I have a feeling I would have been, had I gone to high school near home. As it was, I went to school roughly 500 miles from home, and they couldn’t really take me out to commit me because . . . well, they weren’t around me. They didn’t know everything that went on. And I didn’t want to be committed. I wanted to be dead. I didn’t see things as getting better until I started on Zoloft that summer.

I had ways of (temporarily) getting away from the urge to kill myself. Some nights I would stay up and write nice, long, painfully truthful notes about why all the fuckheads at my school were a bunch of pricks and I’d thank a few who hadn’t been total assholes. (BTW, that wasn’t how I got away from the urge to kill myself)

But I feel better now.

I’ve been in and out like 8-9 times, once for a month and a half, not fun. I had a good childhood and a terrible childhood at times. On the good news though, I’ve been “clean” for over 4 years now. :smiley: I’ve tried so many meds with truly strange reactions that I’m really afraid of what’s next. I hope that someday I can find some meds that really work for me. I can be rather ugly on Prozac but it’s works wonders on some.
Jim P.
AKA NUTS! :o
Peace!

Yes. I eventually escaped.
http://members.aol.com/AHunter3/

Three and a half fucking years starting in my freshman year of high school. A place called the Psychiatric Institute of Montgomery County. I forget what the official diagnosis was but it pretty much boiled down to ‘pain in the ass kid’.

I was an in patient for two stints, one of 5 months and one of 3. The rest of the time I was a day patient going home at night and living behind the wire-impregnated glass the rest of the day.

As to what they did for me? Tough to say. Certainly the therapeutic sessions didn’t seem much good. Creative therapy (arts and crafts), group therapy, individual therapy, fantasy therapy (no kidding, it was the rage at the time) and others never seemed to do me much good.

What they did provide (and something I needed) was structure. They gave me a routine and a schedule by which I had to live. With that support I was able to reason my way through my problems on my own.

Things I took from it:

  1. They don’t like D&D. No ‘satan worshipping’ accusations but they weren’t wild about inmates having a strong fantasy life.

  2. Psychiatrists largely have their head up their collective asses when they reach out to apply broad definitions to individual problems.

  3. Drugs may work for some people but I saw far too many kids dosed just to make them more obedient. Mom wouldn’t go for that, thank God. I had to find my own way through the world.

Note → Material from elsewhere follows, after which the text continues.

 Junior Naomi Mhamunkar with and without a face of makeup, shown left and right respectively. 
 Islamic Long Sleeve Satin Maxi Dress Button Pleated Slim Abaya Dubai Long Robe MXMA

  4. I will, to the end of my days, automatically hate people (and I ain’t pussyfooting around. I mean a hate so black it could end in murder) who believe they know what’s ‘best’ for someone else and that they have the responsibility to impose their will upon that someone.

How’s that? Enough?

My roommate was. He was falsely accused of schizophrenia by his own not-especially-stable parents. We and his psychiatrist got him sprung.